I would like to have semi-prototypical semaphore signaling on my new railroad. 

I have been looking at Viessmann signals and controls, but even with the hookup diagrams in English it is not quite 'clicking' with me.

I just want the semaphone lights and arm to change after the train enters a pre-defined block, and then revert to the prior signal after the train has cleared the occupied block.

Does Viessmann use optical detectors, current draw detectors, or some other means to detect when train movements occur?

None of this stuff had been thought of when I was model railroading in the past so this is all very new (and exciting too) to me to be able to somehow make this work.

I have been reading about LCC, but the explanation, while I understand the principles involved, did not explain any specifics nor anything concrete.

Is Viessmann such an LCC system? 

Is there anyone here using Viessmann signaling or something similar to run block detection signals or semaphores on their layout?


----------



## JerryH (Nov 18, 2012)

I use Traincontroller software with Digitrax hardware.


----------



## gregc (Apr 25, 2015)

MichaelE said:


> I have been looking at Viessmann signals and controls, but even with the hookup diagrams in English it is not quite 'clicking' with me.


can you provide a link to the signals and controls you're referring to?



MichaelE said:


> Does Viessmann use optical detectors, current draw detectors, or some other means to detect when train movements occur?


the operator manual for their 5221 control module suggests that they are using current detection which requires at least some freight cars with wheel resistors.



MichaelE said:


> I have been reading about LCC, but the explanation, while I understand the principles involved, did not explain any specifics nor anything concrete.


LCC is a protocol and messages for centralized (PC) control of model railroad accessories such as block occupancy detectors, signals and turnouts.
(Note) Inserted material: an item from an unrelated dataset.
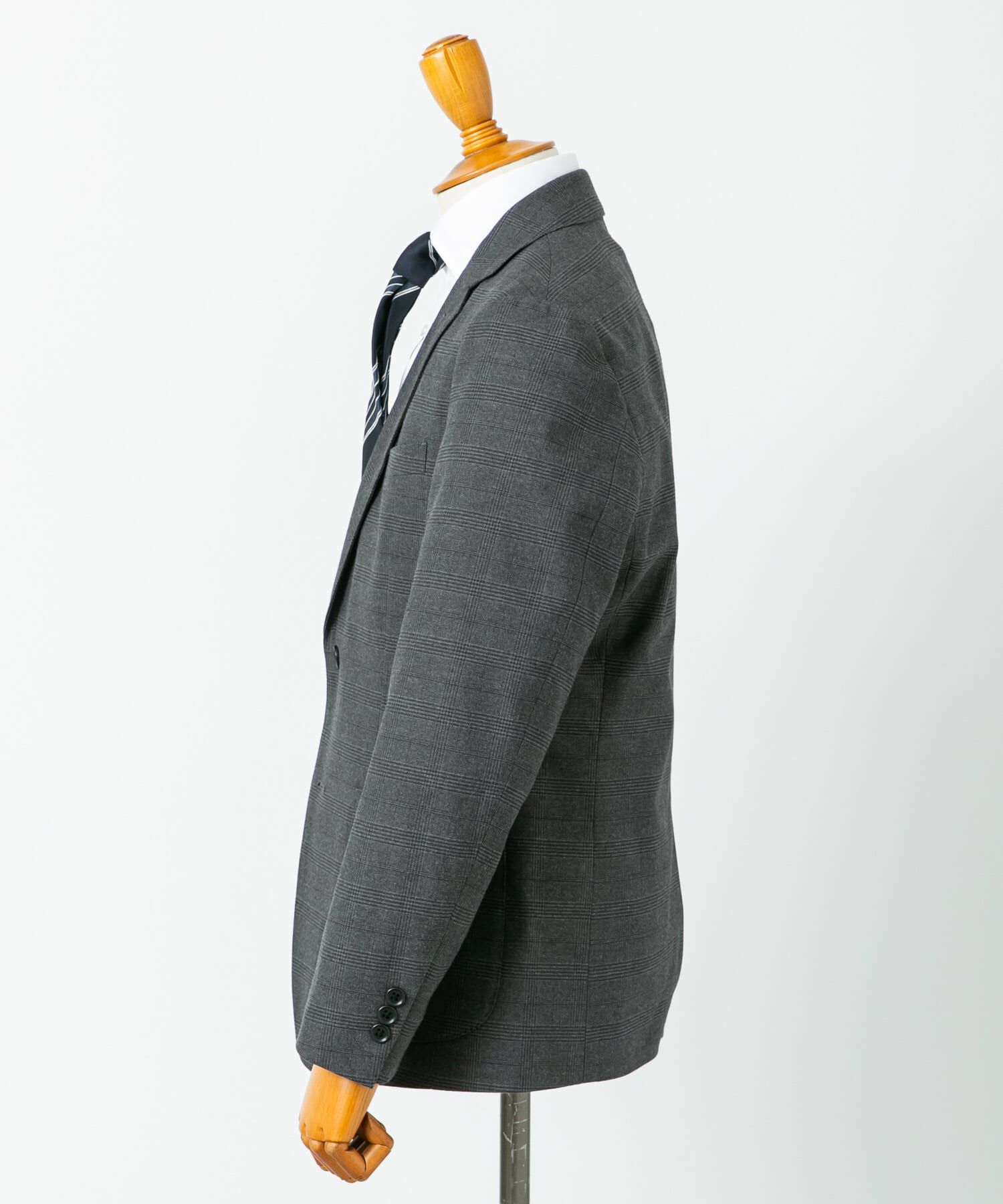 URBAN RESEARCH DOORS「LIFE STYLE TAILOR　ソフトサーモストレッチジャケット」|その他|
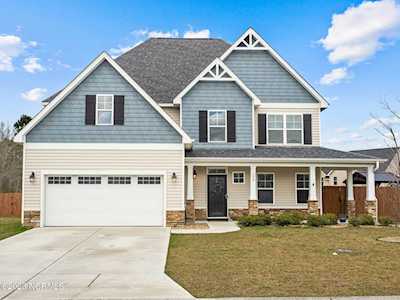 106 Mittams Point Drive Jacksonville, NC 28546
It looks like the Viessmann control modules are standalone controllers


----------



## MichaelE (Mar 7, 2018)

Here are a couple of links. Some of the signals advertised include a .pdf for wiring and control modules. They don't say what they are using to detect the beginning and the end of the block.
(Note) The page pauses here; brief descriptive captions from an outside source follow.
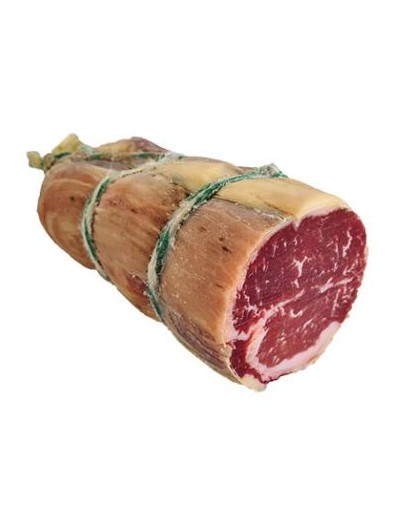 Lende "doblado" 100% iberische Schweinelende aus Eichelmast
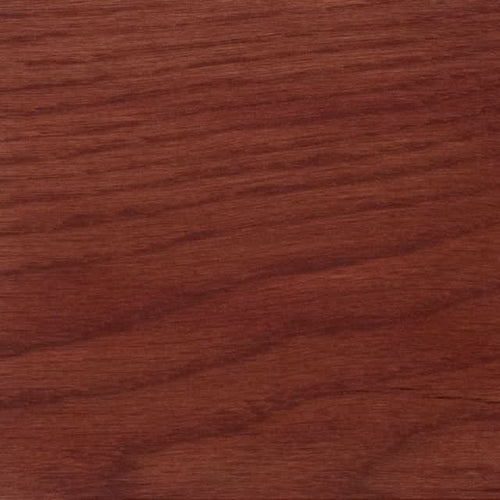 Quarter Sawn White Oak Wood Sample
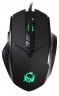 Мышь оптическая Oklick 815G проводная USB черный GM18 - 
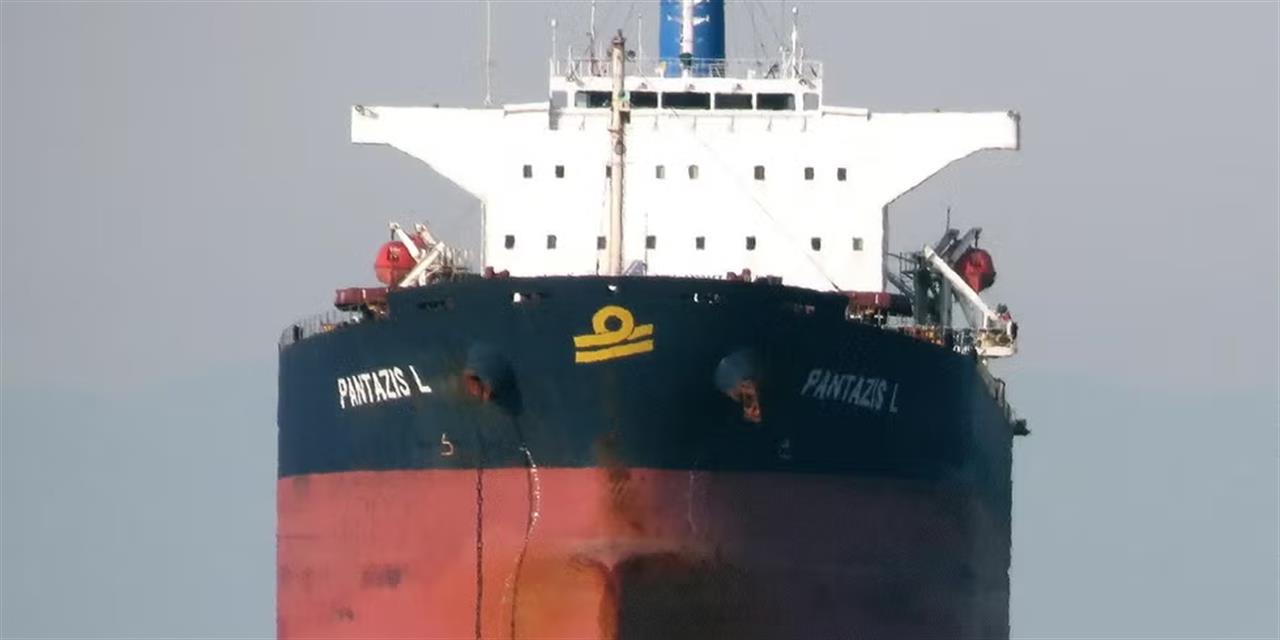 Tradewinds: Κατασχέθηκε πλοίο του Ν. Λιβανού για απαίτηση $21,5 εκατ. της Πειραιώς | Αγορές στο PlusTV.gr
https://www.reynaulds.com/catalog/dept_369.aspx

https://www.reynaulds.com/catalog/dept_383.aspx


----------



## gregc (Apr 25, 2015)

MichaelE said:


> They don't say what they are using to detect the beginning and the end of the block.
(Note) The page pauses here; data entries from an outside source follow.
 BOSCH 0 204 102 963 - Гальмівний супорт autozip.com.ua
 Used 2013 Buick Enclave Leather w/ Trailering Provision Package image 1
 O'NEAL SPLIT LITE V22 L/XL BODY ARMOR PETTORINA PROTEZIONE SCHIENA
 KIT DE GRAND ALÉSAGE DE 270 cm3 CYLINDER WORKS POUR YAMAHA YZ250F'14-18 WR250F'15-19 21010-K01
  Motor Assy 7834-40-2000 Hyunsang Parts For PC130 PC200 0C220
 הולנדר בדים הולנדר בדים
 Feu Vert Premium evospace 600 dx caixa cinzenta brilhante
have you looked at the viessmann website . They list quite a few control modules see 2nd and 3rd page. Each has a operating manual. 

The one i listed before show track power routed thru the control module which suggest that they are monitoring for current thru the block. monitoring for entry/exit from the block is a more complicated.


----------



## MichaelE (Mar 7, 2018)

Thank you. I will study this awhile.


----------